Is the media biased? Can the study of language tell us? (Part 3)

I’ve been looking at media outlets’ coverage of the recent fiscal cliff negotiations, examining how different news outlets differed in the choices they made in reporting the events and how these different choices in discourse might reveal their biases (to read more about choices and biases in discourse, check out my first post).  In my last post, I looked at how the word “income” was used more frequently in the MSNBC coverage of the fiscal cliff than it appeared in news articles on politics in general from the same time period (in other words, it was a key word).  In comparison to MSNBC, CNN and Fox News used the word less frequently.  When I examined the uses of the word “income” more closely, I found substantive differences in the way the three networks used the word (read about them here).

Table1

Building on this, I’m going to look at words that reflect how tax policies were represented in Fox News and CNN.  Looking back over Table 1 from my last post (above) I find that the word “hikes” is key in the Fox News corpus and only the Fox News corpus, whereas “revenue” is key in the CNN corpus and only the CNN corpus.  Intuitively, this suggests a difference in the choices these news outlets made in writing about taxes.  We can be more specific about what this looks like by looking more closely at the data.

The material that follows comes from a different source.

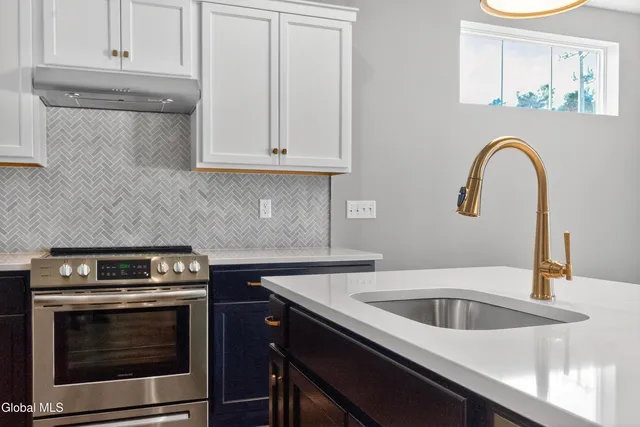 $529,900 | 1 B Cloverleaf Court, East Greenbush, NY 12144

Starting with “hikes”, I found that Fox News used the word “hikes” 5 times as frequently as MSNBC did and around 6 times as frequently as CNN did.  Every time Fox News writers used the word “hikes” (or the singular “hike”, which was also quite frequent), they used it in conjunction with the word “tax” to talk about “tax hike(s)”.

We could say that this is a choice made to seem more colloquial or informal.  “Hikes” seems slightly less formal or technical than a word like “increases”.

However, I think what is more relevant here is the negative connotation that “hikes” carries with it.  This may seem difficult to demonstrate outside of saying that the word “feels” negative.  Indeed, most dictionaries are probably not much help.  Merriam-Webster includes a definition of “hike” as “an increase especially in quantity or amount”, which contains no hint of anything bad.  Indeed, we could imagine increases in the amount of free pizza being called a “hike” with that definition.  However, I believe that “free pizza hikes” are unlikely based upon the way the word is used or its connotation. We can demonstrate this by looking at a random sample of 50 uses of the word “hikes” (or “hike” used in the sense of  “an increase”) which I took from the Corpus of Contemporary American English (COCA), a very large corpus freely available on the internet.  I present part of this sample in the screenshot below.

connotation_of_hikes_from_coca

Interestingly, most of what we see used with “hikes” are not apparently good things (like free pizza or profits) but rather things we would generally consider bad like increases in taxes, premiums, costs and prices of goods we commonly buy, etc.  There are a few things that might be considered positive like increases in wages as in the “contemplated hike” in the minimum wage.  However, this increase is presented in conjunction with the problems it would inevitably cause.  To further illustrate this point I also searched COCA for “profit hikes”, “revenue hikes”, and “salary hikes”, which returned 0 cases of the first, 1 of the second, and 6 of the third in a corpus of 450 million words.  Compare this to “price hikes” which occurs 141 times in COCA’s 450 million words.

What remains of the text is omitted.